Berlin.—The porcelain of Berlin is of some interest to us for two reasons, one historical and the other of a technical nature. On the one hand it was thanks to the fostering care of the great Frederick that the factory first assumed any importance, and on the other it was the great attention given in later days to choice of materials (together with the refractory nature of the paste) that led to this pure white ware being employed above all others in the laboratory of the chemist. As at Vienna, the origin of the works was humble, and in this case one perhaps might even say ‘shady,’ if we are to believe the story that it was the workmen who had stolen from the pocket of Ringler, the arcanist of Höchst, the papers containing his recipes and private notes, who were engaged in 1750 by the merchant Wegeli, the first to set up a kiln for porcelain at Berlin.[160]

The ware that Wegeli made is not important. We find little figures and groups in imitation of Kändler as well as cups and teapots decorated in blue, sous couverte, with little sprigs; his mark, a W., has unfortunately been used at other factories. It was indeed rather the banker Gotzkowski who was the practical founder of the Berlin works, for Wegeli had abandoned his enterprise at the commencement of the Seven Years’ War.

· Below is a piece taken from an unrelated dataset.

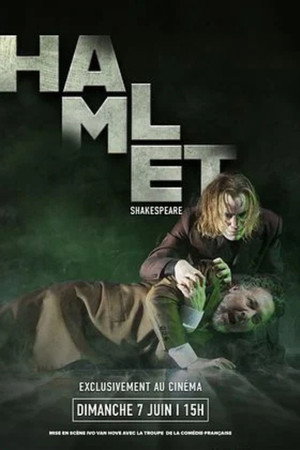 Hamlet (Comédie-Française)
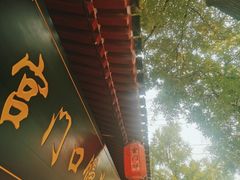-宫门口馒头铺(创始人总店)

German writers are not agreed as to what share should be given to the king in the removal of the staff and workmen of the Meissen works to Berlin in 1761. Frederick at that time was hard pressed by his enemies and in great want of money; in the letter, quoted below, he writes that he has nothing left but his honour, his coat, his sword, and his porcelain. He has been accused of forcibly removing to Berlin, not only the workmen, but the artists also and other members of the staff at Meissen. On the other hand, it is claimed that the removal was voluntary, and brought about by the offers of good pay made by Gotzkowski. Frederick at that time had other things to do,[161] and it was not till the close of the war in 1763 that he purchased Gotzkowski’s new works for a large sum. He now had leisure to take a personal interest in the manufacture. About this time the kaolin which had been previously brought from Passau, in Bavaria, was obtained, of better quality, from the quarries near Halle which still supply the Berlin works. The sale of the porcelain was forced with true Prussian energy: its purchase was obligatory for lottery prizes, to the amount of 10,000 thalers every year, and no Jew could obtain a marriage certificate except on the production of the receipt for the purchase of a service of porcelain. It is for this reason that the Berlin ware is in Germany sometimes known as Juden porcellan. Grieninger, a Saxon, was the practical manager of the works from the time of their foundation by Gotzkowski to the end of the century. During this period the porcelain produced differed little from that previously made at Meissen. A shade of pink, derived from the purple of Cassius, was much admired by Frederick, and forms the pendant to the famous rose-colour of his bitter enemy, Madame de Pompadour.

The changes made after this time were chiefly of a practical nature. The horizontal furnaces were early replaced by the cylindrical type now generally in use in Europe, and as long ago as 1799 steam power was employed in the preparation of the materials. The chemist, above all, has at all times played an important part at Berlin.

Many strange applications of porcelain, some more curious than really beautiful, were introduced about the beginning of the nineteenth century. A close imitation of lace and tulle, made by dipping into a specially prepared slip a real tissue which was afterwards burned away, was a nine days’ wonder when first introduced. (A veiled bust in white biscuit of Queen Louise of Prussia, now at Dresden, is perhaps the most famous example of this ware.) Another application of porcelain was to the ‘transparencies’ or lithophanie, in which the design, as seen by transmitted light, was given by variations in the thickness of the paste.